Exactly as written, retype the listing below, omitting the pictures.

→ **INFORMATION**
--- START ---

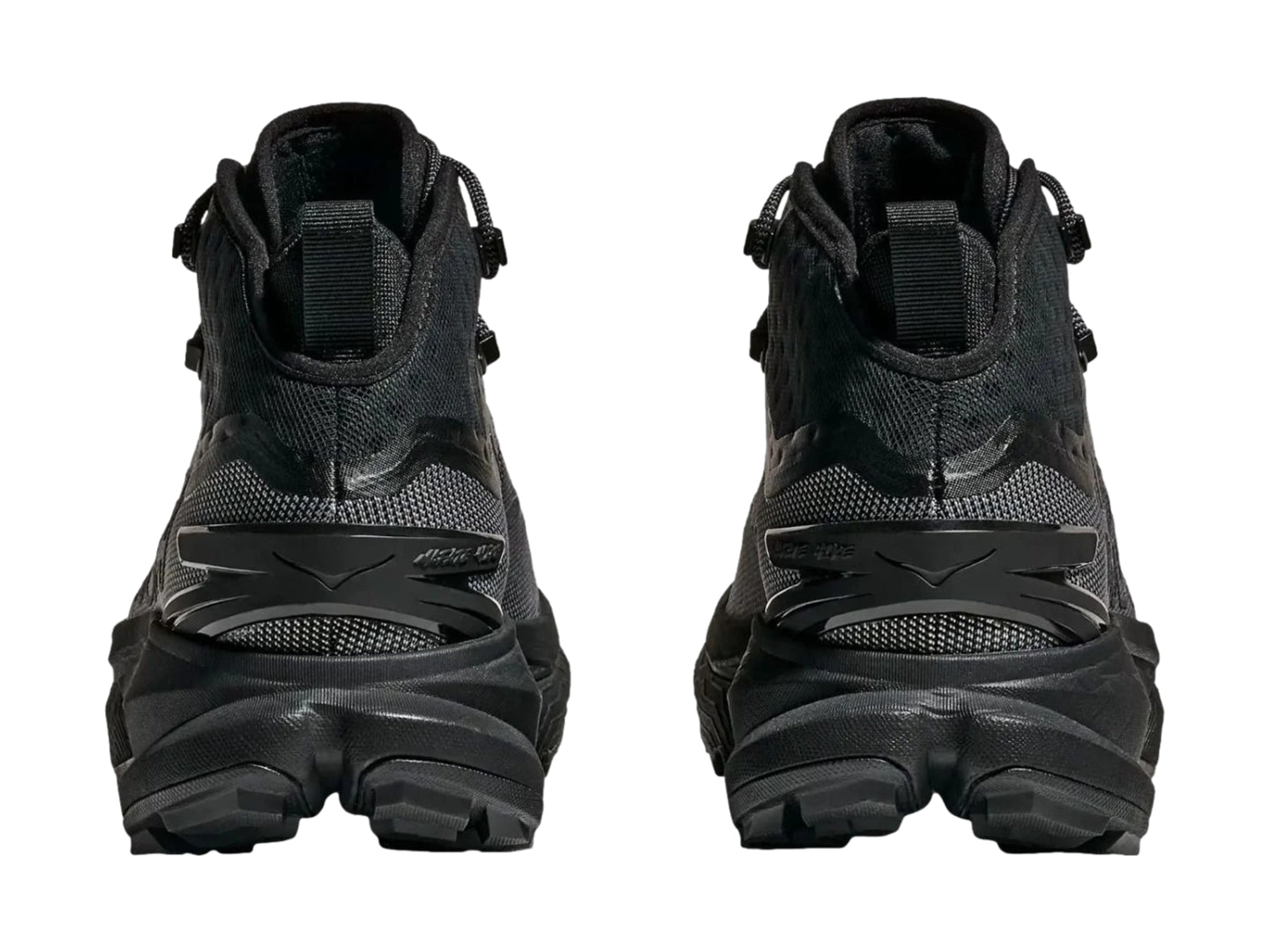 Tenis HOKA Mafate Hike Negro para Hombre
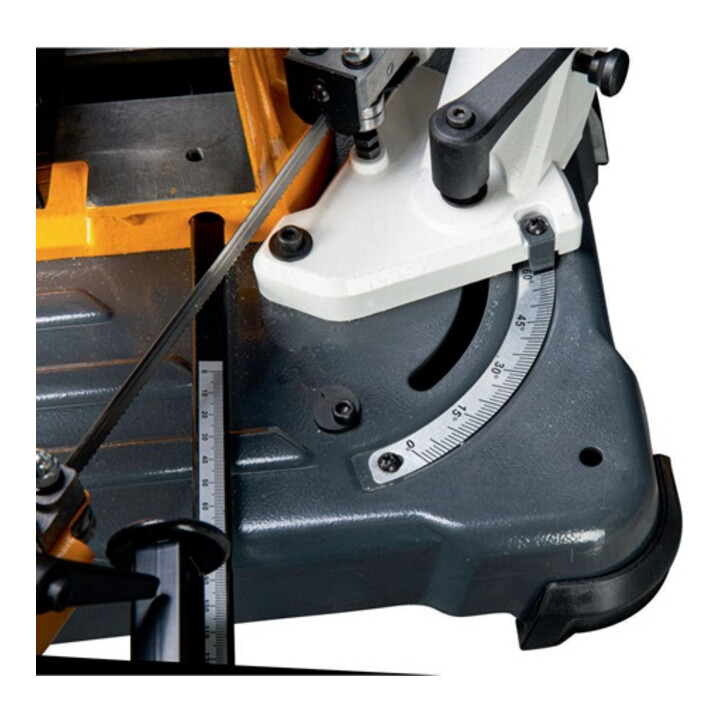 Metallbandsäge SQ-V13 1440x12,5x0,6mm 30-80 m/min 0,4 kW OPTISAW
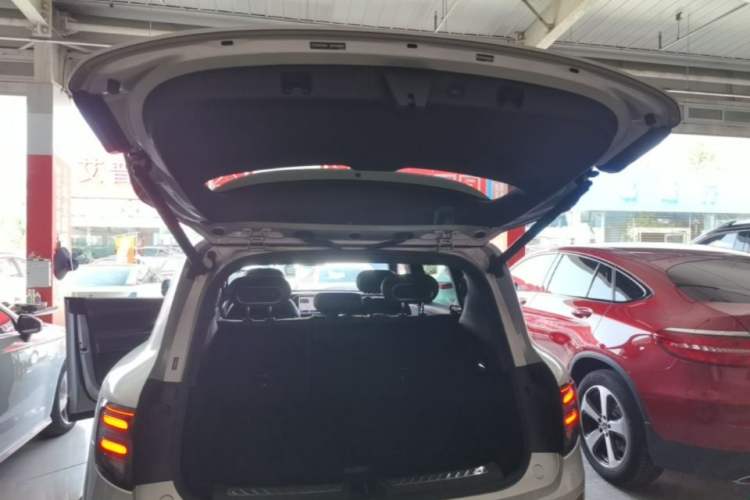 Used smart #5 2024 Ultra-Long Range Extraordinary Journey Luxury Edition Trunk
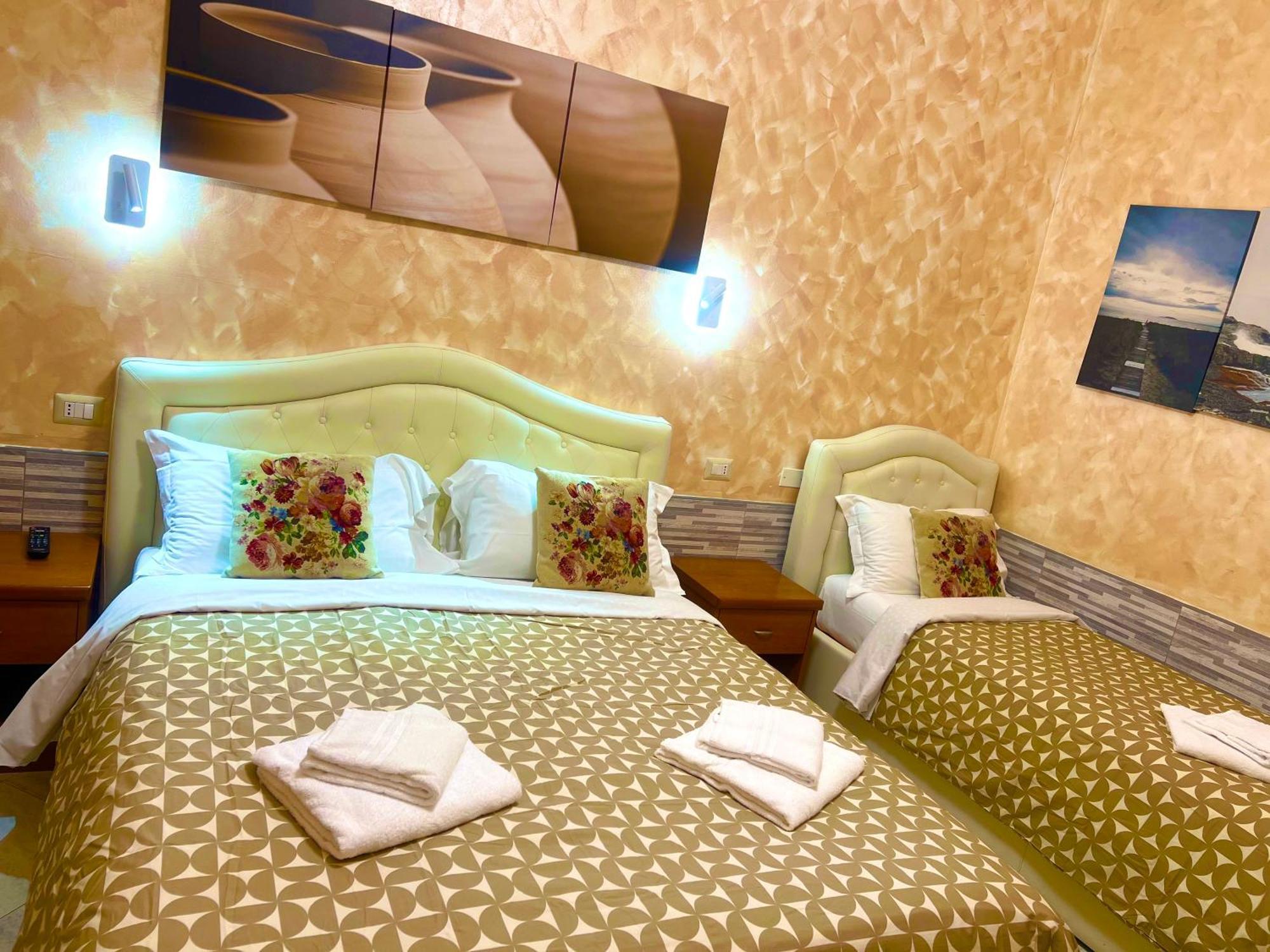 Relax On 2 - Guesthouse Rome Buitenkant foto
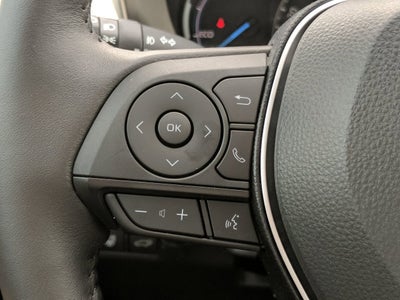 2020 Toyota RAV4 Hybrid Limited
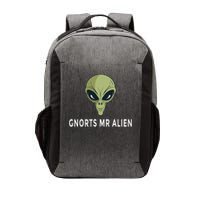 Gnorts Mr Alien Vector Backpack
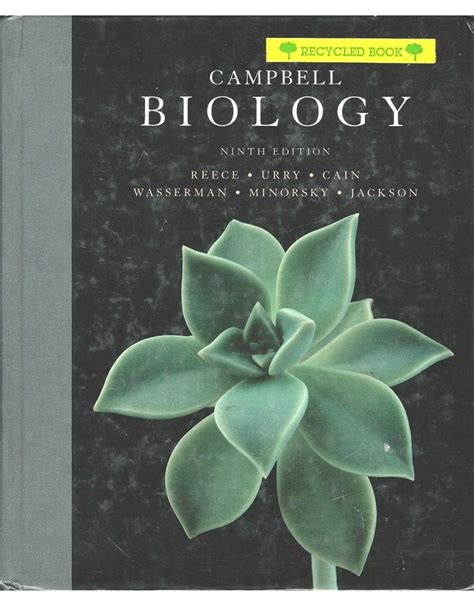 Read Online Biology Textbook Campbell 9Th Edition 
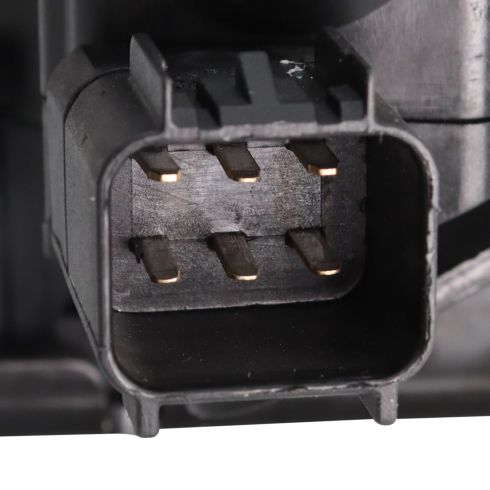 Liftgate Lock Actuator TRQ BDA81478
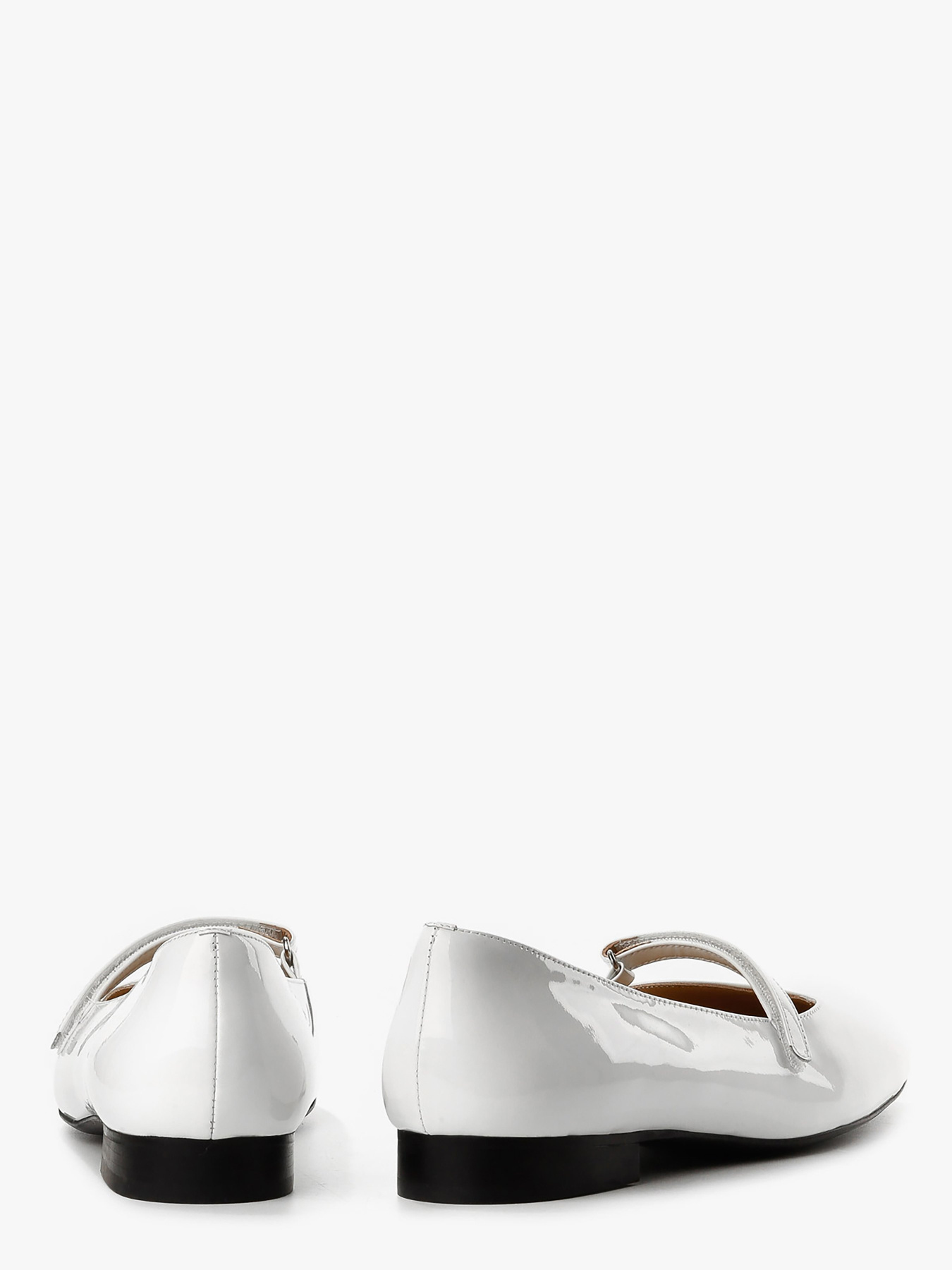 Балетки LeBERDES модель 00000017012 Фото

--- END ---

→ **TASK RESULT**
 Tenis HOKA Mafate Hike Negro para Hombre
 Metallbandsäge SQ-V13 1440x12,5x0,6mm 30-80 m/min 0,4 kW OPTISAW
 Used smart #5 2024 Ultra-Long Range Extraordinary Journey Luxury Edition Trunk
 Relax On 2 - Guesthouse Rome Buitenkant foto
 2020 Toyota RAV4 Hybrid Limited
 Gnorts Mr Alien Vector Backpack
 Read Online Biology Textbook Campbell 9Th Edition 
 Liftgate Lock Actuator TRQ BDA81478
 Балетки LeBERDES модель 00000017012 Фото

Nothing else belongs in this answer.